Andrea Böker, Geschäftsführerin der Diakonie Südheide, beschrieb das „Magische Dreieck“. Drei Zielgruppen würden durch die „zuGabe“ gewinnen: Pflegebedürftige, Pflegende und Angehörige. Der Pflegebedürftige könne Erlebtes wiedergeben und verarbeiten. Die Pflegeperson könne Pflegebedürftige besser kennenlernen und seine Sorgen, Nöte, aber auch seine Freude miterleben. Die Angehörigen würden entlastet, weil jemand in den Haushalt komme, der sich nicht nur um das körperliche Wohlergehen kümmere. Eigentlich sollte dieses Dreieck erweitert werden zu einem Viereck. Denn auch die Spender*innen würde von dem guten Gefühl profitieren, dass sie etwas Gutes ermöglichen. Jetzt könne neben der Nahrungsversorgung, Mobilität, Medizin und Körperpflege auch Zeit für ein gutes Gespräch gegeben werden.
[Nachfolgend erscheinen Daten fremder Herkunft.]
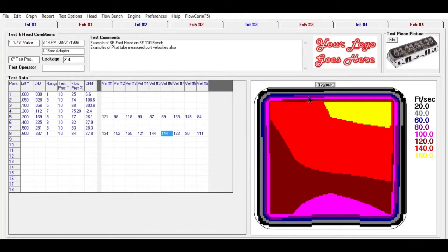You can do a port velocity map like this one here. The yellow would be a higher velocity area than the darker red, and purple are the lower velocity areas.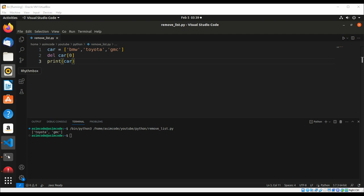And here is our list. The first item is removed.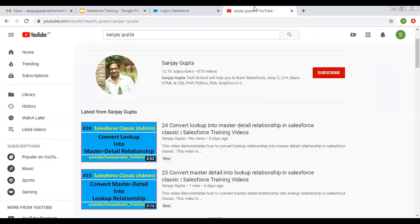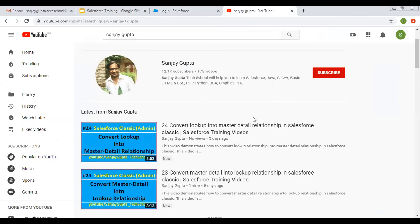If you want to watch more Process Builder related videos, you can search my name Sanjay Gupta on YouTube, go to the Process Builder related playlist, and watch those videos. I hope you understood whatever I discussed in this video. Thank you for watching.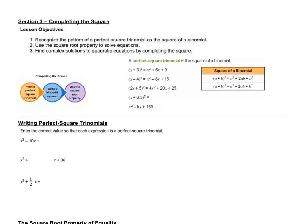Hello, and welcome to yet another thrilling installment of the pre-calc videos. This is section three, and this is called completing the square. What we want to do is recognize the pattern of a perfect square trinomial as a perfect square of a binomial, use the square root property to solve equations, and find complex solutions to quadratic equations by completing the square.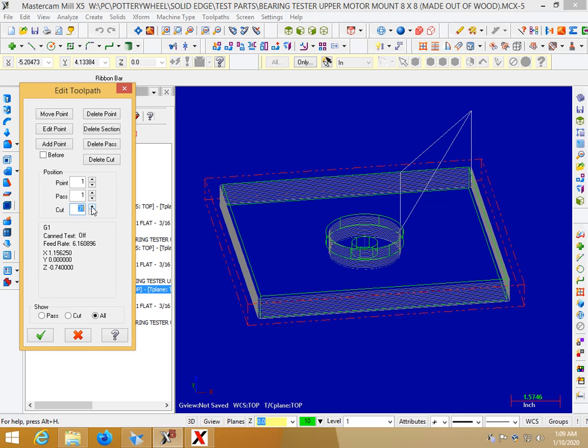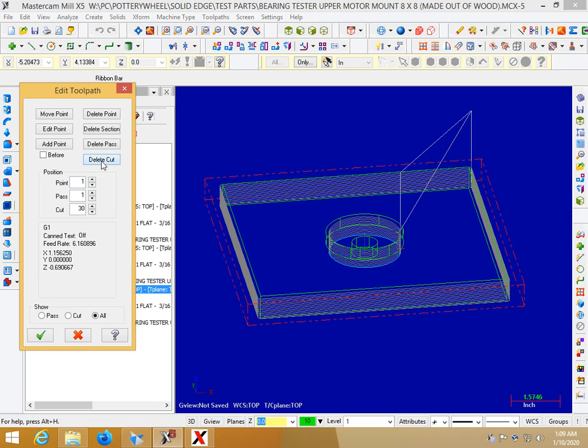So in this case it'll be, let's do my last cut there which is 32. I can do delete cut and then I can just keep clicking delete cut. See now it's not going to cut that area which is what I want.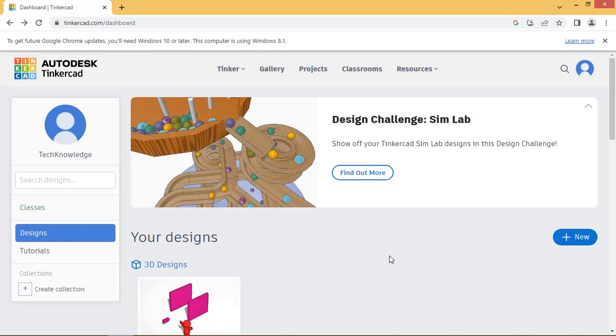Hello friends, welcome back. In today's video we are going to see how to use Soil Moisture Sensor with Arduino.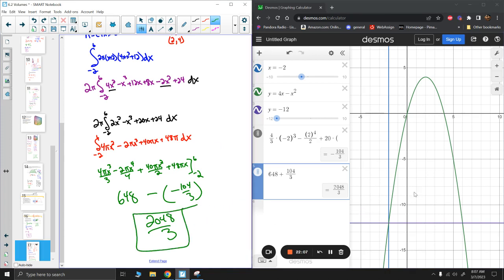Sometimes we run into more complicated setups, but at the end of the day it's just a matter of expressing circumference and height in terms of x or y depending on your situation. If rotating about the y-axis, we generally integrate along x; if rotating about the x-axis, we integrate along y. The cylindrical shell method is there to make our lives easier when the cross-sectional method doesn't work well. Thanks for watching.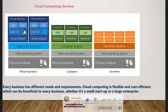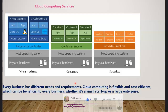In summary for this lecture: every business has different needs and requirements. Cloud computing is flexible and cost-efficient, which can be beneficial for every business whether it is a small startup or a large enterprise. At the same time, not all applications are suitable for the cloud, so make sure you are aware of that distinction.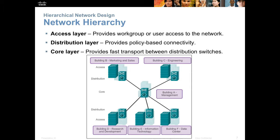The access layer is where we connect our end users — printers, phones, PCs — and typically we're looking for a lot of ports. A high port density and a low cost to those switches because we'll need a lot of them. Then we'll aggregate that bandwidth into fewer ports on higher speed switches or routers that provide policy-based connectivity, typically access control lists, firewalls, that sort of thing. Then from there the distribution layer connects us up to the core, which is a high-speed transport area of the network.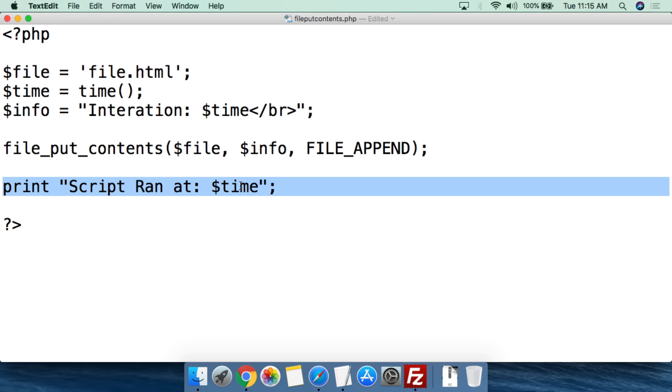That's how you use file_put_contents to write to a file — it's a pretty simple script all in all. This is an easy way to write to a file and store data coming in from various locations. If you have a form with people filling it out, this is an easy way to dump that information into a file and access it without needing a MySQL database or SQL statements.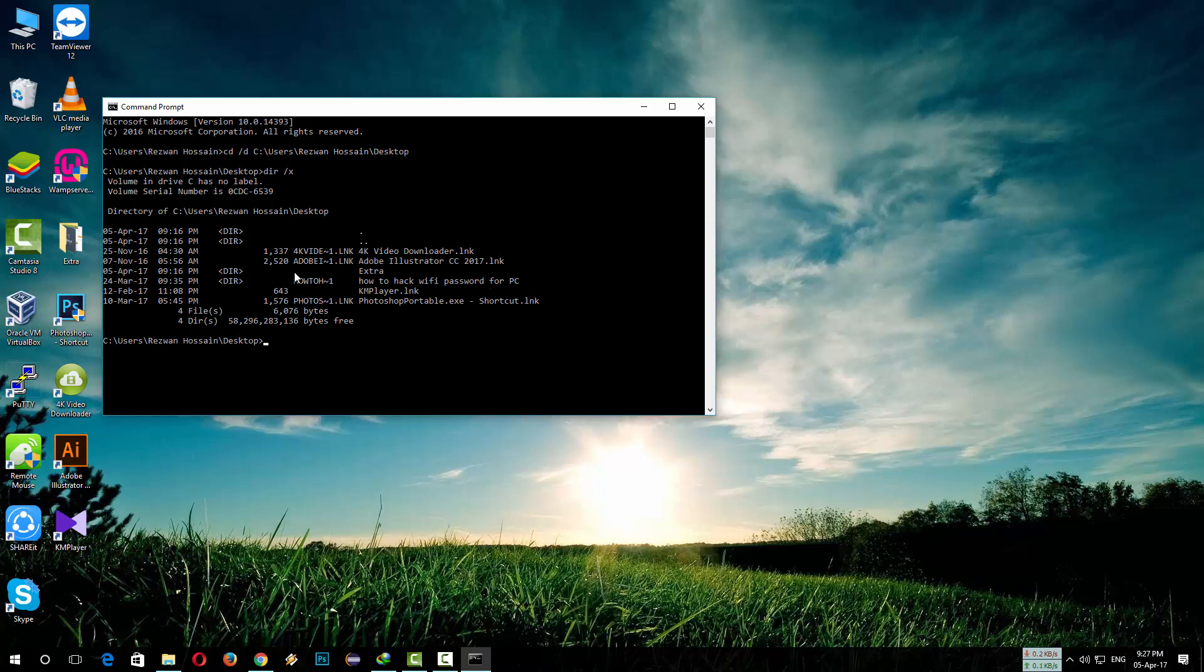This is the short code of this folder. So now we have to type 'RMDIR' space '/Q' space '/s' space the short code of this folder.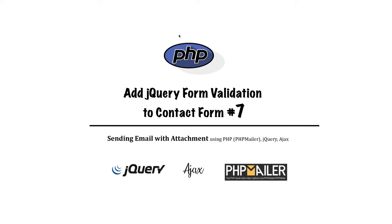Welcome back guys. I am Muni from smottutorials.net. This is a series of tutorial on how to send an email with attachment. Please check the video description for the demo and download link.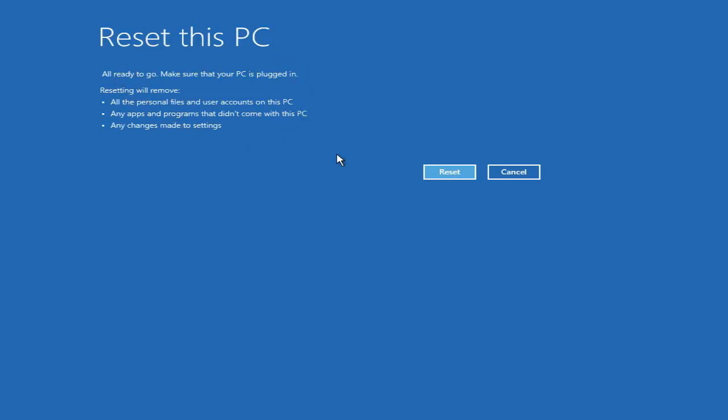At last you will see a final window — press Reset to reset your password. It will reset your Windows operating system and then allow you to enter your password again from the start. This is how you can reset your password on your Windows 10 operating system.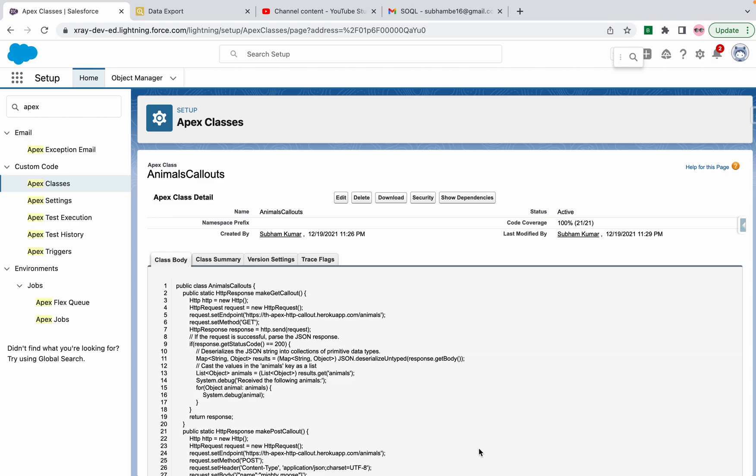To see the test classes coverage of an org, like if a hundred fifty classes are there and you want to see the coverage. Right now this is a single class, you can see the coverage here. But if you want to see different test classes coverage, then you need to execute this query.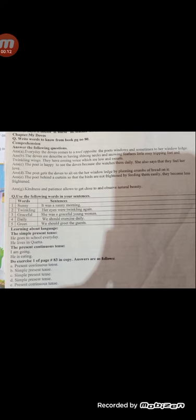Our first question is: write the words to know from book page number 80. On book page number 80 you have been given words to know and you have to copy them.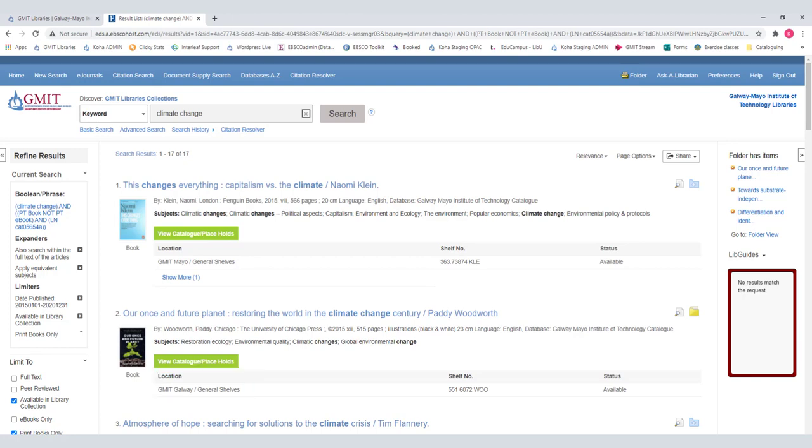The majority of the books in all campus libraries are on the general shelves which means you can borrow the books and take them home. Other locations include reference or desk reserve meaning these books are for reference only and can only be consulted in the library.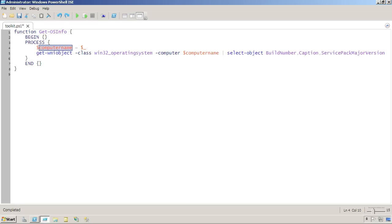After the process script block has finished executing once for each piped in thing, the end block will execute. So here's how I could use this now.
Von Januar bis August dieses Jahres wären bereits 900 „zuGaben“ verschenkt worden. Um diese Zeit aufbringen zu können, habe die Diakonie Südheide GmbH mehr Pfleger*innen eingestellt, die sich aufgrund der „zuGaben“ auch vermehrt bei ihnen beworben hätten. Die Bezugspflege wäre darauf vorbereitet worden mit einem kleinen Training zu Gesprächseinstieg, Gesprächsführung und Gesprächsende. Viele der Pflegebedürftigen hätten diese „zuGabe“ bereits ritualisiert und Kaffee bereits vor Pflegebesuch gekocht. Pflege sei ein ganzheitliches Miteinander, schließlich könne niemand ohne eine vertrauensvolle Beziehung gesundwerden.

Beide Sprecher wiesen auf das Video zum Geburtstagsgottesdienst vom 09.09.21 in der Celler Stadtkirche hin: https://www.youtube.com/watch?v=rUOZav8-CIY. Im Video zeigt der theologische Vizepräsident des Landeskirchenamtes Hannover Ralph Charbonnier die Mehrdimensionalität und die Bedeutsamkeit des Projektes auf. Dieses Projekt habe seelsorgerische, politische Bezüge, aber auch zu Gott. Anhand der „Fünf Säulen der Identität“ des Psychologen Hilarion Pätzold legt Charbonnier dar, wie wichtig diese Gespräche für die innere Stabilität der Pflegebedürftigen sei. So habe die innere Welt der Pflegebedürftigen seinen Raum im Gespräch und trage zur inneren Stabilität bei. Die politische Dimension teilt er auf in eine fachpolitische, gesundheitspolitische, unternehmens- bzw. diakoniepolitische und kirchenpolitische. Gesundheitspolitisch betrachtet sei die „zuGabe“ wichtig, da diese weder von der Kranken- noch von der Pflegekasse getragen würden. Damit hinke das Gesundheitssystem dem christlichen Menschenbild hinterher. Gerade für die Kirche sei das Projekt „wie ein Stachel im Fleisch“, da es auf einen unaufhebbaren Zusammenhang verweise. Wenn nach Gottes Willen gepflegt werde, brauche es Einheit von Tat und Wort, von seelsorgerischem Gespräch und fachlicher Pflege, so Charbonnier. Andrea Böker interviewt die Pflegekräfte, welche Erfahrungen sie mit der „zuGabe“ hätten gewinnen können. Diese erzählen, dass die Menschen die persönliche Zeit genießen würden, für die Pflegebedürftigen da zu sein. Diese Extra-Zeit stelle eine Bereicherung für Pflegebedürftige und Pflegepersonen dar. Die Pflegekräfte würden die zu pflegende Person, Biografisches und Historisches besser kennenlernen. Diese Gespräche würden eine andere Seite des Pflegebedürftigen aufzeigen. Im Anschluss dankt Böker allen Pflegenden für ihr Engagement bei der Pflege.